Wybieram najmniejsze patyczki i przerabiam każdy taki malusi patyczek na zyliardy mniejszych patyczuniów.
Ktoś podobno to opatentował i zbija na tym niezłą ponoć kasę. Sprzedaje to pod nazwą "wykałaczki". Też coś!
Od intelektualnej strony nie stronię jednakowoż, ależ jakżeby, gdzieżby!
Często czytam przed snem. I wiecie, co, chyba w poprzednim życiu byłam korektorem.
No lubię sobie, cholera, wyłapać z lektury muchy...czy jak wy to mówicie: byki.
Czytanie mnie ewidentnie relaksuje, mam niezbite dowody:
Jednak największą moją pasją jest jazda rowerem.
No kuuuurna, ten wiatr we włosach!
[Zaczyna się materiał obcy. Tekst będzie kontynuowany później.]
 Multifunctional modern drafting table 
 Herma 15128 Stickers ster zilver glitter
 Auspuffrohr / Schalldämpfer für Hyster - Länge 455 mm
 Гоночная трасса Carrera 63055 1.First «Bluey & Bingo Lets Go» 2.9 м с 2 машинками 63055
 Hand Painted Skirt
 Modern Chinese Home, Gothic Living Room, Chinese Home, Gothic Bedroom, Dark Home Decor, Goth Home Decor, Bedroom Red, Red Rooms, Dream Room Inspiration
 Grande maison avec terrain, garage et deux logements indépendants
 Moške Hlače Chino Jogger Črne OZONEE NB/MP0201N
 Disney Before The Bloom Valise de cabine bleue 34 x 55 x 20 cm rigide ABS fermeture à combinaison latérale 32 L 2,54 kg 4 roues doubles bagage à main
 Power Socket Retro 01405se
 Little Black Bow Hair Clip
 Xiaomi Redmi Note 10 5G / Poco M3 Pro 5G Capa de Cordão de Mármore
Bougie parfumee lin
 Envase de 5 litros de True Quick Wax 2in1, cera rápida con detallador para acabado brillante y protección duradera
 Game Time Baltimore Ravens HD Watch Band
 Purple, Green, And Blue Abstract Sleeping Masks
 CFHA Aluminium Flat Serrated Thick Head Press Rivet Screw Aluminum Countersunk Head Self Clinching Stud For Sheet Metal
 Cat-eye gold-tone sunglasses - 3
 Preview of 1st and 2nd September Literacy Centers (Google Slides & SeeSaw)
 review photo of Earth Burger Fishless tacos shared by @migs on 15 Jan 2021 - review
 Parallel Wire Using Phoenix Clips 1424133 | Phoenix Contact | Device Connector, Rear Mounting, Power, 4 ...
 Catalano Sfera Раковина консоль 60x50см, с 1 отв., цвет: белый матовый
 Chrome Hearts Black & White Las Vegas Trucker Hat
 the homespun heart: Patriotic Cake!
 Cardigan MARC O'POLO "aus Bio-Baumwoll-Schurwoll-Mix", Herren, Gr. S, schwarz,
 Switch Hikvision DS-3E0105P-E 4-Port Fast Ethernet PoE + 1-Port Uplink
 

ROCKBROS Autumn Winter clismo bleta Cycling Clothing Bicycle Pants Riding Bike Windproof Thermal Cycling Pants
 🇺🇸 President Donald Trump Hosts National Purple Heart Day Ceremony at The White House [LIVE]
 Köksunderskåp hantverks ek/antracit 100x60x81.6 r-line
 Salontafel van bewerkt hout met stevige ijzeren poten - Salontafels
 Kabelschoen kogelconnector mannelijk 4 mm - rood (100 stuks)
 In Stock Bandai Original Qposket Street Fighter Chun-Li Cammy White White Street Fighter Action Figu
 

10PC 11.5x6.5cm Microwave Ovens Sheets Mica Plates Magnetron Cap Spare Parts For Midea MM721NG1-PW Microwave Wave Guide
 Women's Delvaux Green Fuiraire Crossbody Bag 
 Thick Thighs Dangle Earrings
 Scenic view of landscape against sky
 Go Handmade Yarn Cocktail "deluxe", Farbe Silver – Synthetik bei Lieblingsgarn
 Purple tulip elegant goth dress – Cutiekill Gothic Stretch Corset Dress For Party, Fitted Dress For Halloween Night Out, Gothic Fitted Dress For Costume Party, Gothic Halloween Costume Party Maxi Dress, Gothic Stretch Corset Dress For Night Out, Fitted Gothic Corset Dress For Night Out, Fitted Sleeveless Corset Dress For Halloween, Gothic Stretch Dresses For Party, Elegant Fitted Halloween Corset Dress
Te trzepoczące na tym wietrze uszy-niczym te pierwszomajowe chorągwie .
A najlepsze są te zazdrosne spojrzenia wszystkich tych drepczących i niemobilnych. Tych wszystkich yorków, amstaffów i jamników. I jeszcze pudelków.
Oni przy nodze pana, łapa za łapą, a ja co? A ja sobie na to wszystko patrzę z góry, w ułamku sekundy mijam ich z wyższością i za chwilę mam ich wszystkich w...w tyle.
Aaaach, to jest jazda, co?!
Tu nasz świętej pamięci rower. dlatego fotka czarno-biała, proszę ja was.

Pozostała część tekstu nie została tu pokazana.